Correspondence from Leah Hirsig to Montgomery Evans
8 Place Jean Baptiste Clement Montmartre, Paris.
Nov. 30/24 E.V.
Dear M.E. 2nd.,
Your letter reached me 24 hours after your threatened departure for London. I took a chance in spite of your assertion that you were leaving as a definite time, and sent you a pneaumatuque which was promptly returned to me as you had no address at the Hotel des Mines.
It may be just as well that you did not get that letter. It was full of E n_':=nm, of the most deadly kind and very bloody at that. Now I am become resigned to your desertion I can almost write legibly and think quite clearly, though much too quickly.
Won't you let me hear your plans? Don't go to America without a commission which I have for you. I want your advice and help about several matters but especially about the matter of the abduction of my son [Hansi] from Cefalů by my crazy sister [Alma Hirsig Bliss]—I do not know whether I have written you about it—so here goes.
—on separate sheet—[1]
These are the bare facts. I am preparing a full statement but am swamped with the material at hand, not knowing what to select nor whom to go to with it.
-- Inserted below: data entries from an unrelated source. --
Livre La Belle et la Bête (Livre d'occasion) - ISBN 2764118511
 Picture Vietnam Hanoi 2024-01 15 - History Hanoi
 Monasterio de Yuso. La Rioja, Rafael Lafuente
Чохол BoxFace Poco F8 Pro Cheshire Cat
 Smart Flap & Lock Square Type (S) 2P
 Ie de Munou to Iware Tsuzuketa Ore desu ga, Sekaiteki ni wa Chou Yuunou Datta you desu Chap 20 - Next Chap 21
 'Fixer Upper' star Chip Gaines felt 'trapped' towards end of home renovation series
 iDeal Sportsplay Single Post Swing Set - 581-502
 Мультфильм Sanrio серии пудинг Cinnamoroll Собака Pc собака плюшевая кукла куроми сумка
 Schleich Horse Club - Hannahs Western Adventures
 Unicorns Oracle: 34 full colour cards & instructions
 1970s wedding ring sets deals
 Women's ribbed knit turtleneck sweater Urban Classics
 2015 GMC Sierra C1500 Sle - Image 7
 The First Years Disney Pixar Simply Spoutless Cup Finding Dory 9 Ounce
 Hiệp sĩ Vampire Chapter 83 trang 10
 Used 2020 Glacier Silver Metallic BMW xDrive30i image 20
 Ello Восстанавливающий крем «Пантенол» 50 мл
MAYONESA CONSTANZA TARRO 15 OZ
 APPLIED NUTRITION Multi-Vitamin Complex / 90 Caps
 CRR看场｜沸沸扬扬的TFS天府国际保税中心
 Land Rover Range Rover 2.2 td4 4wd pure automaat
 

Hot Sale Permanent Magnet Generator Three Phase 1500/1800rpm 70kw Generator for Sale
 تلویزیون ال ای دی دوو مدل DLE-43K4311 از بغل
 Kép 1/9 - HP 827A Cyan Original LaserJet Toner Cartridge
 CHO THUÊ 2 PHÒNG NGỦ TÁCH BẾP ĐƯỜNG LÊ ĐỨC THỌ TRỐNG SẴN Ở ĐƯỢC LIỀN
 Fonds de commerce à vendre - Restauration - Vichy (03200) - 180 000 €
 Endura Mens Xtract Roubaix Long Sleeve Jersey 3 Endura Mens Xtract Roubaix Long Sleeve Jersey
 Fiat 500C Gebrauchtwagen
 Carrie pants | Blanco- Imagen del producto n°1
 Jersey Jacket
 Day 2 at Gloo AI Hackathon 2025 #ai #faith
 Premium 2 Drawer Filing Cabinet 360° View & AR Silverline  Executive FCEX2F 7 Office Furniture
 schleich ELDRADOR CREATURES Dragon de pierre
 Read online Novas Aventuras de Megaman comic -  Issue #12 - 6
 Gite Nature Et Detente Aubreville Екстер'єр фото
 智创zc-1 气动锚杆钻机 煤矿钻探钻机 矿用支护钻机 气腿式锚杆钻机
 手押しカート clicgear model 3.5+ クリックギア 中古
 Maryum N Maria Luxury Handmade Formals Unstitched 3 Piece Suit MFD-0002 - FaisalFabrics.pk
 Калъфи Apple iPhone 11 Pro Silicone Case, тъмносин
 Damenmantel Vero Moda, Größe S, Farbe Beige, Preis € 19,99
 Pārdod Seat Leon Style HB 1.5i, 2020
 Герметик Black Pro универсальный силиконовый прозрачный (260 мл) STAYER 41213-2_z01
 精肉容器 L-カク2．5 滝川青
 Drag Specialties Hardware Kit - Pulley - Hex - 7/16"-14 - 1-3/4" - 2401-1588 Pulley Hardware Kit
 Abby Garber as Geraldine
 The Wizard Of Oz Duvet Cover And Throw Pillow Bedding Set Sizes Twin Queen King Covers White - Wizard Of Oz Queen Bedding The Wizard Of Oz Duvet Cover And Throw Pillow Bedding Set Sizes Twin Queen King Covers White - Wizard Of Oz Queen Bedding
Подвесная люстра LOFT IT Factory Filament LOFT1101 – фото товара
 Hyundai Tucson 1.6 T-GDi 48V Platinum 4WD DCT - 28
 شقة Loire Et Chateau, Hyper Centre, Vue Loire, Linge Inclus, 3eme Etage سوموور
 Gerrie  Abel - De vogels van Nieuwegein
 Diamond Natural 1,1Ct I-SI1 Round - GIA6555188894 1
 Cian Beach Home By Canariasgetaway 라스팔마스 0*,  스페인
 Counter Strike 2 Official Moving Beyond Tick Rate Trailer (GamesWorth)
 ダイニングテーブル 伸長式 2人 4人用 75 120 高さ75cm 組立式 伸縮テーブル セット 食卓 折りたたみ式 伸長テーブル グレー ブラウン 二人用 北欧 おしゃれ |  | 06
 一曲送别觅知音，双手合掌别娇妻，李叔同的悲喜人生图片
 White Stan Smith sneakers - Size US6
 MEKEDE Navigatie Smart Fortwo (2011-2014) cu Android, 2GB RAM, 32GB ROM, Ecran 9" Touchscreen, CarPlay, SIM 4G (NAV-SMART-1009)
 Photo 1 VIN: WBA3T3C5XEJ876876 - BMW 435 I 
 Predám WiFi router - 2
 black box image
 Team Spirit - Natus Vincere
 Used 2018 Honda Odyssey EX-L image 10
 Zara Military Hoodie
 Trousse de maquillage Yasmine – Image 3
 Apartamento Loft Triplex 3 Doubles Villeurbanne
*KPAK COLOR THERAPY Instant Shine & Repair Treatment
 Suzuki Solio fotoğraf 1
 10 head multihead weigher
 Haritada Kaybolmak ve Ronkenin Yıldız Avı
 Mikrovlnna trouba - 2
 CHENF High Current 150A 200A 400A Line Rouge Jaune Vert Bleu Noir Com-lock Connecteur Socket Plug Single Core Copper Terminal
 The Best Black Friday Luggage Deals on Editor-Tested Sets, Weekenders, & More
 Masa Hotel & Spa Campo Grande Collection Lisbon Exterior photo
I am more or less living in retirement here—for various reasons; but that is not sticking to the point.
Evidently you did not get my letter sent to Venice, nor the prospectuses for the Confessions of A.C., nor a letter left with Bankers' Trust giving this address (Nov. 13).
Will you let me hear from you by return, if this ever reaches you? Sometimes a telegram seems a great expense but it does save time—and time is———blastit, there I am almost quoting bad American.
Yours in full sanity and in full bloom,
Leah H.
Statement of facts connected with the abduction of my son Hans Hammond, an American Citizen.
1. Hans Hammond, born in hospital in St. Petersburg; Florida, Nov. 13, 1917.
Birth certificate among effects held in storage or by Custom's in London. Duplicate sent for but not yet received.
2. Mrs. L.E. Bliss, my sister, Late of the Hayden Co.? N. Good St. Rochester, New York—or c/o Mrs. Elsie Slaon Farley, Decorator, 435 Park Av. N.Y.C.
Sept. 13. Alma Bliss visited me in August in Paris and then proceeded to Switzerland and finally to Cefalů, arriving the very day that the governess who had charge of my son had received notice not to admit her to the house, and which instruction she disobeyed. Alma Bliss wormed her way in and a week after her first visit, lured my son from the House (I have the governess's full statement of the process) then took him to Palermo, Switzerland, back to Italy and evaded the police and was assisted by the American Consul Palermo, one Isaac Nathan, to get the child out of the country.
The American Consul in Paris had telegraphed to various places some of which Mrs. Alma visited and in spite of the warnings, she got safely to America.
All this while I was ill and practically penniless and could do nothing. But the information is in the hands of the American officials, as also with Mrs. Marion Clark (ex-Chief Investigator of Immigration, N.Y.C.) address 315 West 94 ST. N.Y.C. and Bill Seabrook of the International feature service.
Only now do I feel fit to cope with the problem and bring the low creature to justice. But I need help and I am unwilling that the facts should be garbled by the Press. I am willing and anxious to make a complete statement of the facts, from the reason or reasons of Alma Bliss's action to the present moment they will be quite sensational enough even to suit the yellow journals.
Alma Bliss has communicated with both the governess and myself as though she had done a wonderful deed. She is quite crazy.
I am a Swiss citizen, having resumed my Swiss citizenship some two and a half years ago.
(This is not at all what I wanted to write but I think there is enough material for you to give your advice about.)